The Hill reports this morning that many Democrats who are running for re-election and election in the midterm cycle can’t figure out why President Obama isn’t helping them. He doesn’t talk to them.
Well, the reason is simple. He turned on the lame duck switch. Crass as it is, Obama has won everything that he ever thought that he would. Audacious as it may seem, he is a politician who is running out of political gas and is close to empty. His legacy has little to do with a Congress that he surmises isn’t going to get any better.
Now, his best aim is to manage the affairs of state as they appear on the radar, and attempt to improve his legacy through smart executive actions. Americans have been waiting for that, maybe. They want him to apply his brute force intelligence.
He isn’t helping Democrat Congressional representatives because, after all, what did they do for him? They didn’t combat Republicans in the trenches. They cowered in their districts.
The rules have changed at Obama’s direction. There is no more pork, plus ups, and ways to bring home the bacon. Congress has lost a significant way to connect the federal government with the people in that regard.

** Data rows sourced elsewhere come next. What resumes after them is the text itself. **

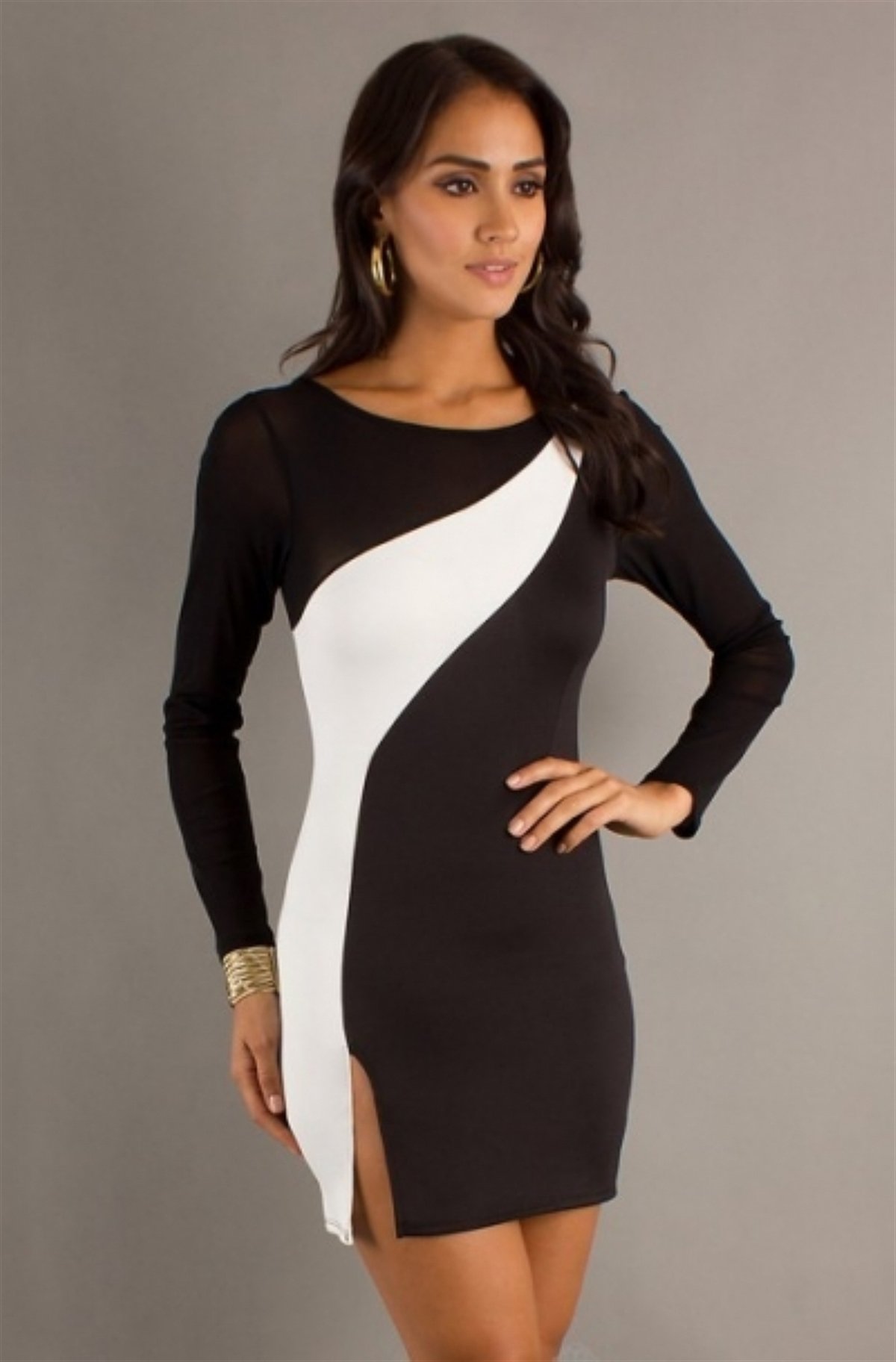 Terry Pau TP100886 Yırtmaçlı Kontra Elbise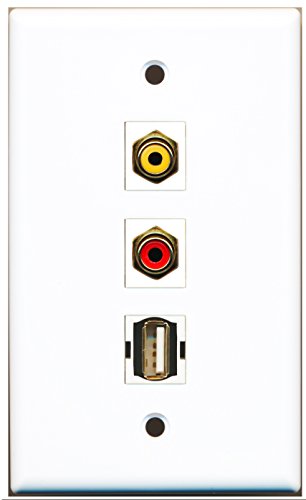 RiteAV - 1 Port RCA Red and 1 Port RCA Yellow and 1 Port USB A-A Wall Plate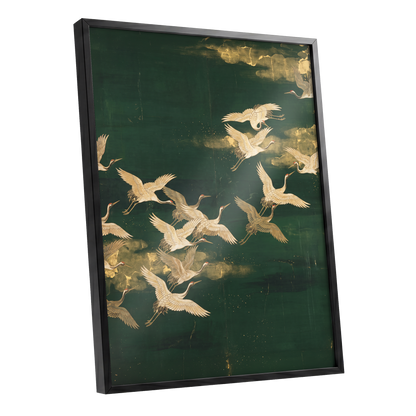 Gilded Crane Passage, green, gold, beige nature wall art shown as a black framed poster wall art print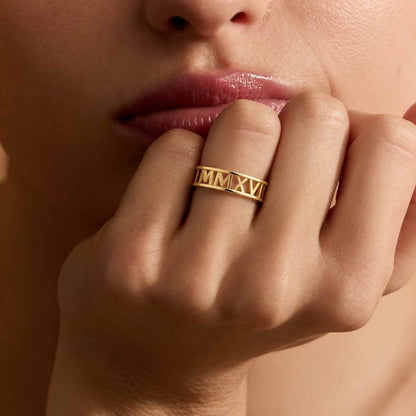 Custom Roman Numeral Band Ring, Personalized Initial Cutout Design, Handmade Jewelry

That loss of direct connection undermines a President’s link to all important districts. This president is done. That link is broken. Game over.

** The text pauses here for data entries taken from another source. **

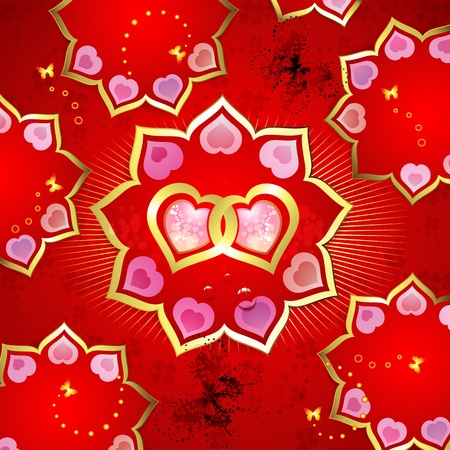 Valentine s day card with butterflies のイラスト素材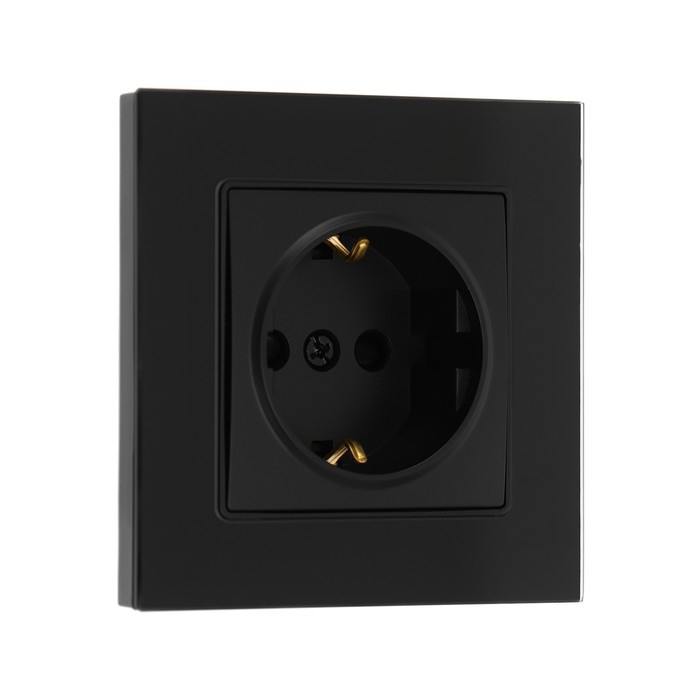 Розетка одноместная TOT Glossy Glass, 16 А, скрытая, с з/к, стекло, черная Розетка одноместная TOT Glossy Glass, 16 А, скрытая, с з/к, стекло, черная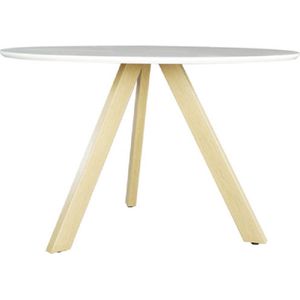 Eettafel rond Ronsi wit met beige poten 120cm ronde tafel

The new game is for elected representatives to connect with their Districts and States. Representatives must get real close with the voters as Senators must align with their states’ constituents. Election 2014 triggers a new wave of bottom up politics.

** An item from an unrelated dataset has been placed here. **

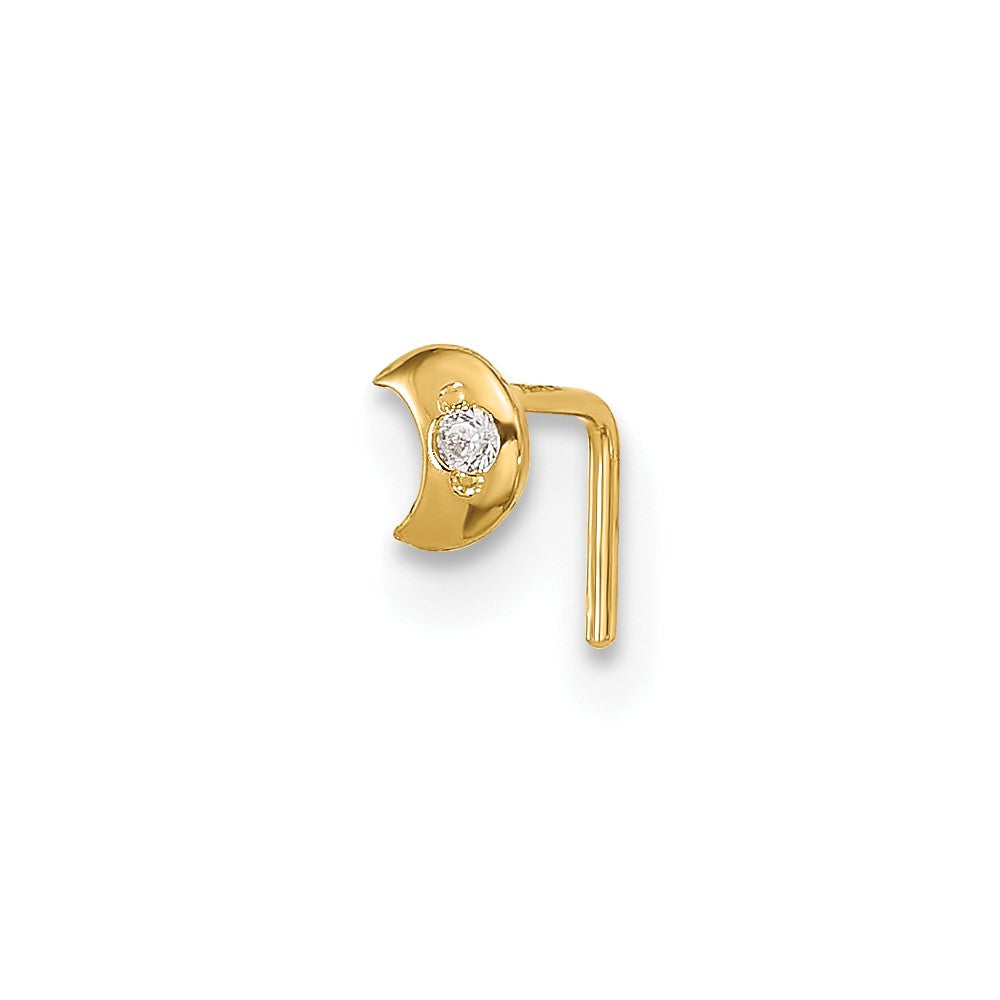 14K Gelbgold 23 Stärke Zirkonia Mond Nasen Ohrstecker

The top down politics begin in Election 2016. By that time, Obama will either have miraculously accomplished something, or disappeared without drama as he prefers. His presidency will be laid to rest somewhere between fits and starts.
“House Democrats can’t figure out why Obama won’t talk to them
By Mike Lillis - 08/14/14 06:00 AM EDT
House Democrats are frustrated with what they say is a lack of election-year communication from the White House.
The lawmakers say it’s difficult to defend President Obama from GOP attacks when he doesn't confer with his allies about his strategy and intentions.
Some are scratching their heads why, after nearly six years in office and a reshuffling of his legislative affairs team, Obama's working relationship with Congress remains prickly.
“It's hard for us to fathom; I mean, is it just lack of full staffing and resources? [Is it] professional commitment? Is it a disdain for the legislative branch? I mean, what is it?” asked Rep. Gerry Connolly (D-Va.). “People like me want to be allies – I mean, I am an ally. So work with us, reach out to us; you know, we're not the enemy.”
Connolly emphasized that he has "no complaints" with the administration's outreach when it comes to logistics and political operations. But as a member of the House Foreign Affairs Committee, he's long-been frustrated by the White House’s approach to "the bread-and-butter of congressional relations and the policy front."
“That’s made our jobs harder,” he said.”